WHAT YOU NEED TO DO → Pictures in the material below are to be left out, and only the lines from the line with "Acetylene Pressure Gauge, Acetylene" up to and including the line with "24/25 Y-3 x 日本隊主場球員版" are to be written out exactly.

DATASET EXCERPTS →
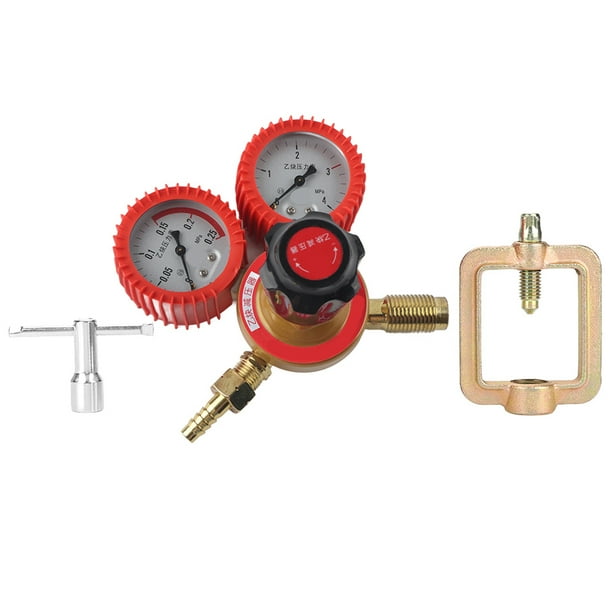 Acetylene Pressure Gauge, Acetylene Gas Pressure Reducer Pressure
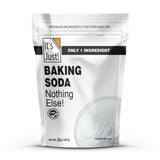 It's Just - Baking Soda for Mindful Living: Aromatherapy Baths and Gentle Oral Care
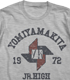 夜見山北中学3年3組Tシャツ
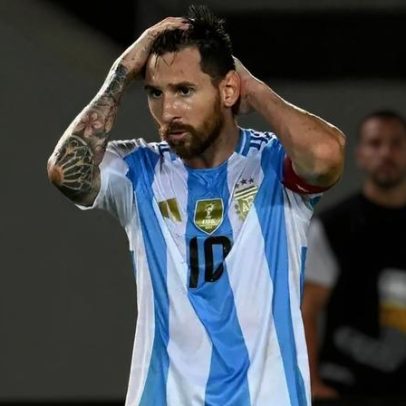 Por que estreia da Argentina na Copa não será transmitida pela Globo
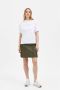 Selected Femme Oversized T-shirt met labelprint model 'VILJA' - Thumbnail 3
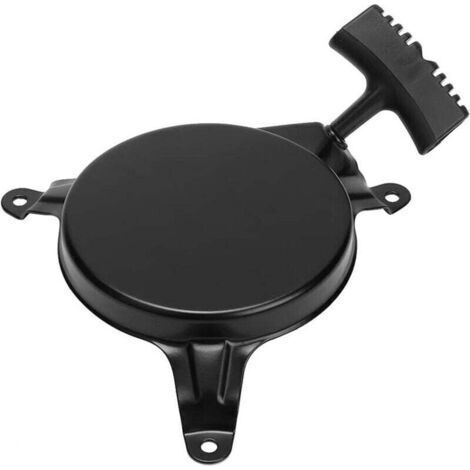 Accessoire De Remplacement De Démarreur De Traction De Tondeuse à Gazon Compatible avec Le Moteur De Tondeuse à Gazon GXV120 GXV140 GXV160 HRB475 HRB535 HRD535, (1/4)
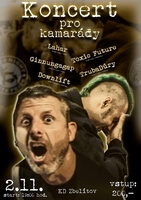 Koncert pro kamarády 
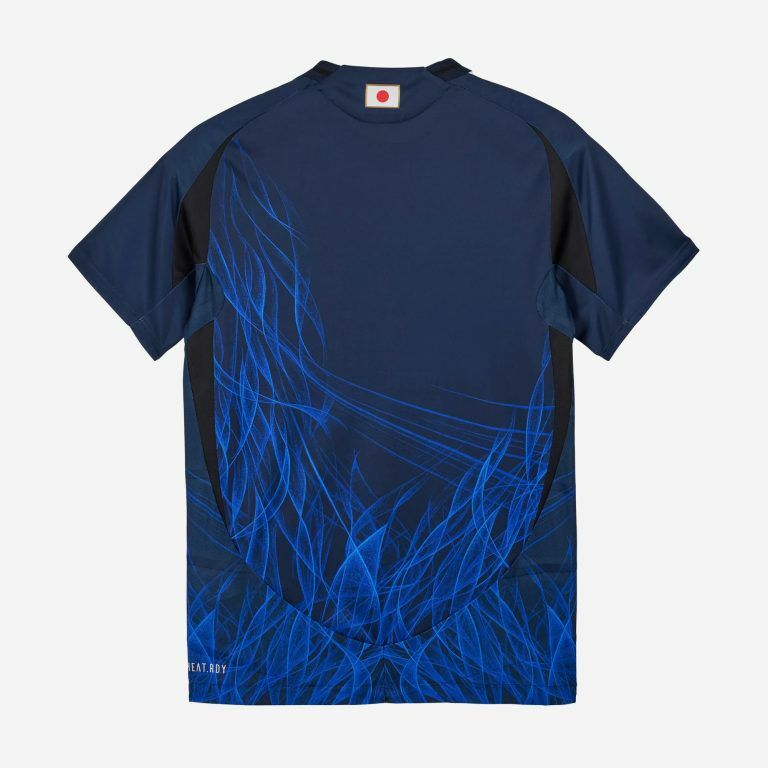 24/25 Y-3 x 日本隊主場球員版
* * *
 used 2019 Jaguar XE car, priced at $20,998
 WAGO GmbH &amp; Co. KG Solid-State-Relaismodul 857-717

SOLUTION TO THIS TASK →
 Acetylene Pressure Gauge, Acetylene Gas Pressure Reducer Pressure
 It's Just - Baking Soda for Mindful Living: Aromatherapy Baths and Gentle Oral Care
 夜見山北中学3年3組Tシャツ
 Por que estreia da Argentina na Copa não será transmitida pela Globo
 Selected Femme Oversized T-shirt met labelprint model 'VILJA' - Thumbnail 3
 Accessoire De Remplacement De Démarreur De Traction De Tondeuse à Gazon Compatible avec Le Moteur De Tondeuse à Gazon GXV120 GXV140 GXV160 HRB475 HRB535 HRD535, (1/4)
 Koncert pro kamarády 
 24/25 Y-3 x 日本隊主場球員版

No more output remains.